This package implements the differentially private dpMMD and dpHSIC tests for two-sample and independence testing, as proposed in our paper Differentially Private Permutation Tests: Applications to Kernel Methods.

The implementation is in JAX which can leverage the architecture of GPUs to provide considerable computational speedups.

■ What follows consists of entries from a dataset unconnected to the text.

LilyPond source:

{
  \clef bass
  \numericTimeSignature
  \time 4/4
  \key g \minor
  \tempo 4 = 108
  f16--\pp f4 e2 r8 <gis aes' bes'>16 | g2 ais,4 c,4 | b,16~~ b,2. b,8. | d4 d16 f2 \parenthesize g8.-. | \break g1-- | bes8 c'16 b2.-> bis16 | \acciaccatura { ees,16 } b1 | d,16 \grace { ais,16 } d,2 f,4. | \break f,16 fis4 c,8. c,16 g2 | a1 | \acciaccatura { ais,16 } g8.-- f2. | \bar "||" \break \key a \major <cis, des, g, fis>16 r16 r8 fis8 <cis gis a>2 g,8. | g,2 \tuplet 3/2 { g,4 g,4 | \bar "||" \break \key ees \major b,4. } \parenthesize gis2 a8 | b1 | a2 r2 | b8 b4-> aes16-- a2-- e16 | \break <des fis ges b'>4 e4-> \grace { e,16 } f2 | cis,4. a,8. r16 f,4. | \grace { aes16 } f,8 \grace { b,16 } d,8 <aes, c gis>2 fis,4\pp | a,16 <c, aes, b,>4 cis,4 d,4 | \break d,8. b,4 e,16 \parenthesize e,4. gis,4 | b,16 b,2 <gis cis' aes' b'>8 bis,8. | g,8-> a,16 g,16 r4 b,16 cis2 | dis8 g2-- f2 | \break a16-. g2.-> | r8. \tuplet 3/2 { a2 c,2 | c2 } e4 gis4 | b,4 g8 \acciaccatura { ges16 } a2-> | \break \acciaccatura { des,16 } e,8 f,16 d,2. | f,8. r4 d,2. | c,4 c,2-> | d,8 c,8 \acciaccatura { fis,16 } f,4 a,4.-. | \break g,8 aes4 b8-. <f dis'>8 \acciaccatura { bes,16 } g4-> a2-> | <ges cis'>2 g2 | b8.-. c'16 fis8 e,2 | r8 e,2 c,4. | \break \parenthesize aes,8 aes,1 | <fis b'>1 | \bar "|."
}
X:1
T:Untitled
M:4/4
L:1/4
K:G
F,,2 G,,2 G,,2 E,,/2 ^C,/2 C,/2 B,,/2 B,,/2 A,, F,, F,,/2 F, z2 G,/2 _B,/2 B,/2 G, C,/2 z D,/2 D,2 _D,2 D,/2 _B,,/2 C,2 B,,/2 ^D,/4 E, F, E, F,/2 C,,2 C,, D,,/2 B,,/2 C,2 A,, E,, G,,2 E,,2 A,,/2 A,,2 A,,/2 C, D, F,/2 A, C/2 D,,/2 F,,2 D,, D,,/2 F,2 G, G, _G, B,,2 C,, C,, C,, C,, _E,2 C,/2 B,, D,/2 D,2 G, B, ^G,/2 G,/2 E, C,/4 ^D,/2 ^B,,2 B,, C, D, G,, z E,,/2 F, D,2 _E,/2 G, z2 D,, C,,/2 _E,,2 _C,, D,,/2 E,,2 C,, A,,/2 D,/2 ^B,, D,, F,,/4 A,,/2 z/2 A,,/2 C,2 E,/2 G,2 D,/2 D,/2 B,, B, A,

The experiments of the paper can be reproduced using the dpkernel-paper repository, which also contains a demo.ipynb notebook explaining how to use dpMMD and dpHSIC.

Installation

The dpkernel package can be installed by running:

pip install git+https://github.com/antoninschrab/dpkernel.git

which relies on the jax and jaxlib dependencies.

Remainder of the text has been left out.